Throughout this year, Ghana has navigated through a series of economic challenges. The West African nation faced significant economic hurdles, including a two-decade high inflation rate. However, recent months have witnessed the Gold Coast making strides in recovering its economic standing.
A report from Reuters reveals that “Ghana’s consumer inflation slowed to 26.4% year on year in November from 35.2% in October.”
In January, Ghana’s inflation rate stood at 53.6%, as per data from the country’s National Bureau of Statistics. A month later, it saw a drop to 52.8%. Since then, the nation has experienced a consistent decline in inflation rates, with October marking a 14-month low.
To address inflation, the Bank of Ghana’s monetary policy committee maintained the policy rate at 30% in November for the third time within the year.
The bank emphasized, “There is a need to keep the policy rate tighter for longer until inflation is firmly anchored on a downward trajectory towards the medium-term target.”
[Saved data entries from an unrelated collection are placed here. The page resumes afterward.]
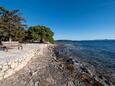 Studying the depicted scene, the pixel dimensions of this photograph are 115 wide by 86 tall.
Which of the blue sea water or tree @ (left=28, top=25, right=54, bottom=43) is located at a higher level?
tree @ (left=28, top=25, right=54, bottom=43)

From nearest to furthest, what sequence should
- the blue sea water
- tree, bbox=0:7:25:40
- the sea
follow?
1. the sea
2. the blue sea water
3. tree, bbox=0:7:25:40

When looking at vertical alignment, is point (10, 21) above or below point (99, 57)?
above

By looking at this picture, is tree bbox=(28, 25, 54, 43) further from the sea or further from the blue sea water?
the sea

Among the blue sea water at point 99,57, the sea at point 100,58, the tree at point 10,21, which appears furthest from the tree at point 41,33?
the tree at point 10,21

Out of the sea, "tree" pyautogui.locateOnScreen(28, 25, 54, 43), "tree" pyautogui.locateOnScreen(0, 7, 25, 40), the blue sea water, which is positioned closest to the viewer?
the sea

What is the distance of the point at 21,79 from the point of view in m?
7.04

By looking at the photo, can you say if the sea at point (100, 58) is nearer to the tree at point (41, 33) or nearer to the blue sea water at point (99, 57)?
the blue sea water at point (99, 57)

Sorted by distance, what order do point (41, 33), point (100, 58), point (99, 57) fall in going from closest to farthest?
point (100, 58) → point (99, 57) → point (41, 33)

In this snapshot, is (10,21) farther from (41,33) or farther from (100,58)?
(41,33)

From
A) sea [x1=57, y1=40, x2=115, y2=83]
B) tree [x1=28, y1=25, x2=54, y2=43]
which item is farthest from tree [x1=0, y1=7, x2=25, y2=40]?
tree [x1=28, y1=25, x2=54, y2=43]

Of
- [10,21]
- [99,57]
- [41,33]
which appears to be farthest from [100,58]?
[41,33]

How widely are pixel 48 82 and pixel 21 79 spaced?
1405 mm

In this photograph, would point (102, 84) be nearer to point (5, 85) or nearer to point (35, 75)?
point (35, 75)

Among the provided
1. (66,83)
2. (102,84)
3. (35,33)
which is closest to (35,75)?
(66,83) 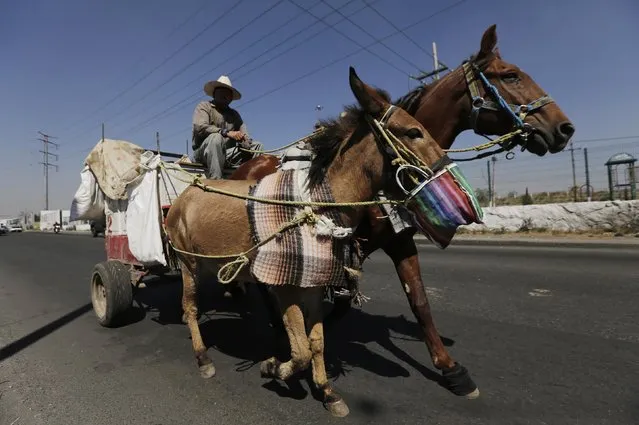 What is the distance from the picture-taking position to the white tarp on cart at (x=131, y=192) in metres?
4.34

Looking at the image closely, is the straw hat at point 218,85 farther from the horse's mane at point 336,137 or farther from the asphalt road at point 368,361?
the asphalt road at point 368,361

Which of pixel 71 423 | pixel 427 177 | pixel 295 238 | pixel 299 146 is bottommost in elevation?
pixel 71 423

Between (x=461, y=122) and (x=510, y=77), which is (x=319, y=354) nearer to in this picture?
(x=461, y=122)

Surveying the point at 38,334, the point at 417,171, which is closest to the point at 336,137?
the point at 417,171

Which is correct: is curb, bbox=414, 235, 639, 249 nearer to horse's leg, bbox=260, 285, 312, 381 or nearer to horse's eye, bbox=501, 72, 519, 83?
horse's eye, bbox=501, 72, 519, 83

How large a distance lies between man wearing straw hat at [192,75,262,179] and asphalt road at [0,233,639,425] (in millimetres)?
2088

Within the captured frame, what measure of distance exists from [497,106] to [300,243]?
206cm

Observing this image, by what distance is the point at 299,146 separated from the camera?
365 centimetres

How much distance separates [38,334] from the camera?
509 centimetres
Highlighting that inflation, although decelerating, remains high relative to the target, the bank stated, “The committee decided to maintain the monetary policy rate at 30.0 percent.”
Ghana appears to be swiftly heading towards economic recovery. Recently, the World Bank emphasized the significance of holding the interest rate, stating in its report, “The Bank of Ghana has cumulatively increased the monetary policy rate by 15.5 points since the beginning of 2022, to 30 percent in July 2023, and signed an MoU with the government to halt monetary financing of the fiscal deficit.”
The bank also indicated that the country’s economy is poised for growth, with the currency already stabilizing.